Page 8 – Page 24 (Condensed Key Outcomes)
5 Results
Deployment: 150 machines, Win Server 2022 (Xeon Gold 6346 ×4, 16 GB RAM).
Performance: 714 644 actions captured in 1 week (~500 orders/day).
Avg sync latency \approx1\;\text{s}/machine; 10 % production-time reduction (Act.Hours comparison).
Visualization figures:
Actions histogram, connected-resources chart, latency plot, production-time bar graph, competitive-solution comparison.
6 Conclusions & Future Work
DT monitoring ↑ productivity, coordination & predictive maintenance.
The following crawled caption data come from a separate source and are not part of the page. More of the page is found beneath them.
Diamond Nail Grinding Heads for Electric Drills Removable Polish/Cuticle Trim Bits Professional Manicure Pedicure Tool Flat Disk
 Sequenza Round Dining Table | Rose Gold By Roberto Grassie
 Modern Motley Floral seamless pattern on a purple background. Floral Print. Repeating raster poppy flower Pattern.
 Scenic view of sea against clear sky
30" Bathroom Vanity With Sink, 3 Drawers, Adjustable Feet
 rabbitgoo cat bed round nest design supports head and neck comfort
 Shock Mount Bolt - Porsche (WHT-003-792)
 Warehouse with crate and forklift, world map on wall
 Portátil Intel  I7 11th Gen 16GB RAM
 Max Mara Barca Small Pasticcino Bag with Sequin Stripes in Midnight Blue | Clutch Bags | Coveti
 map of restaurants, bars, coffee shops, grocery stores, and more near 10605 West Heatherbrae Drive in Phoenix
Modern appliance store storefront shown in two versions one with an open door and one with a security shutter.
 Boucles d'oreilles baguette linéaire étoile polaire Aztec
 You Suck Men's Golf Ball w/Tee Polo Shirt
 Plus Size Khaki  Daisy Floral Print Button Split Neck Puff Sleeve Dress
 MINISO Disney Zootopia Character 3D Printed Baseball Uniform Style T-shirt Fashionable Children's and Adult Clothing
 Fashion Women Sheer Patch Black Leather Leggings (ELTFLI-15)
Next milestones: automatic parameter harvesting, advanced analytics reports, predictive maintenance algorithms, camera/sensor fusion for single-equipment twins.
Core Equations Recap
Connection establishment T{connect}=T{init}+T{auth}+T{SignalR}
Retry logic T{retry}=T{init}\times2^{n}
Message set M{received}={msg1\dots msg_n}
Notification aggregation N{update}=M{push}+M_{realtime}
AES decryption D{pass}=E^{-1}{pass}(key)
These notes capture every substantive point, numerical claim, architectural component, formula, example, and future-direction mentioned across pages 1-24, offering a complete standalone study scaffold for exam preparation.